In these litigious times, every business and every business owner is at risk. In addition to those who would rather sue you for the slightest of missteps, business owners also must deal with the ever-present threat of fires, floods, snowstorms, theft, data loss, and a laundry list of other threats. Every business, large or small, needs the right business insurance so they are protected against loss. Small businesses are at risk for the very reason that they are small. But, like any other aspect of running a business, the key to survival is preparation.
Here are some considerations when drafting your business disaster recovery and continuity of operations plan:
- Assess your risks. Before you can begin creating a plan to deal with disasters, you need to come up with a list of external events that can hurt your company. Think through all the threats that could cause damage to your business, and determine how they might affect you. These can be natural events, such as a tornado or flood, or man-made ones, like robbery or fire.
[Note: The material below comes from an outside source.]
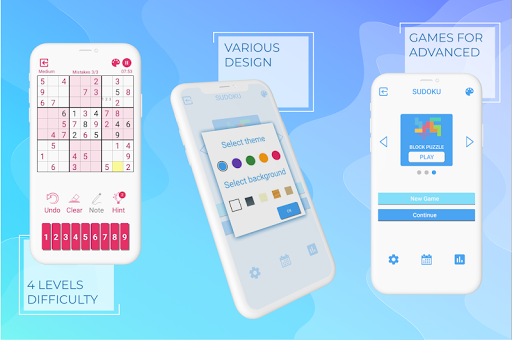 Sudoku - Classic Logic Puzzles - Gameplay image of android game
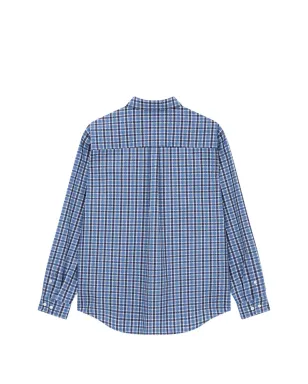 TOMBOY checkered shirt - Blue - サムネイル2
- Prioritize business functions. Decide the order in which certain business operations will be and should be restored in the event of an interruption. Functions that bring in more business and generate more sales should be your first priorities. Having the proper business insurance coverage for those operations can help you recoup your losses and get the most critical functions of your business rolling again.
- Develop prevention and mitigation strategies. Once you've determined your business's most important functions, the next step is to come up with strategies around them to prevent and mitigate the various types of disasters you may encounter. For example, if electrical power is a crucial operations item, your recovery strategy should include ways to quickly correct a power failure.
- Test and maintain your plan. You don't want your first test to be the real event. When your plans are developed, test them out: Have your team walk through the steps of your disaster-recovery plan. If you can't do what needs to be done, figure out how to modify the plan so your recovery goals can be achieved.